無茶振りゲーム

水乃戸あみ

第一話 イエティ。

「桜子さあ。ほら、あの話してよ。ほら、あの――雪山でイエティと闘ったときの話」


 出たよ。

 出た出た。

 久しぶりにきた。

 雨梨(あまり)の無茶ぶりが。


 私はすっと身を起こす。放課後の教室は人もまばらで、残っているのは一部の、あたしたち同様暇な男子共とあたしたち以外の女子が数人。男子は机くっつけてトランプでスピードやってて、さっきから机がガンガン鳴っててめたくそにうるさい。残った女子数人はスマホ片手に適当に駄弁ってるグループと黙々と勉強しているグループに分かれている。

 私立霞ヶ丘東中学二年七組の教室は、今日も今日とて退屈な私たちの日常をそのまんま映し出したかのように退屈だった。

 時間が酷くゆっくりと流れてる。

 希望を抱いて入学した記憶もそこそこ昔。小学から中学に上がるという漠然とした憧れは最初こそ抱いていたものの、この小・中・高エスカレーター式の学校においては、だいたいのメンバーが変わらずそのままでいることもあって、変化もなにもあったもんじゃない。

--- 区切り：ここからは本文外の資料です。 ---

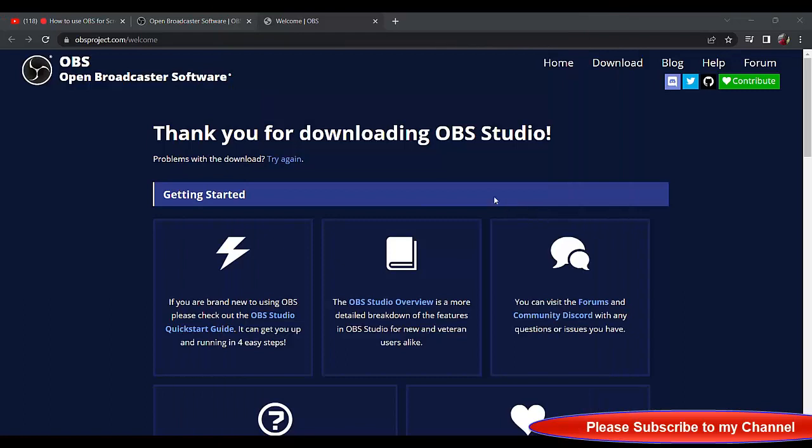So this is how you can install OBS Studio and work with it. In the next class I will now show you how you can check all that has been recorded. Right now, thank you so much.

目の前の卯衣雨梨(ういあまり)に関しては、小学校別で家近所、引っ越しで離れ離れに、中学にて再会、という、まあ他の人とは違う流れがあったのだが、結局のところ新鮮味は他の人と同じく無い。

 春。

 四月下旬。

 うららかな日差しの元で私たち二人は机を挟んで座っていた。

 窓は三分の一くらい開け放っていて、そこから春風と共に吹奏楽部の『ぱぇ~』というトランペットの音とユーフォニウムの『ぶぉ~ん』という音が響いてくる。さっきから絶妙に眠気を誘う。曲やれ、曲。

 壁の位置が邪魔してわずかしか見えない校庭では、サッカーゴール前で暇そうにしているキーパーの姿が今日も変わらず見えていた。ちなみに昨日も一昨日も一昨々日も見えていた。一昨々日は休みか。だが、休みでも変わらず休日練習で彼はあそこにいるんだろう。ご苦労なことである。

 さて。あたしは巡らせていた視線を雨梨に移す。

 卯衣雨梨(ういあまり)。

 先月誕生日を迎えた遅生まれの女の子。身長はあたしと同じく一五二で体重はあたしよりわずかに上な××××。一部の違いである。こなくそが。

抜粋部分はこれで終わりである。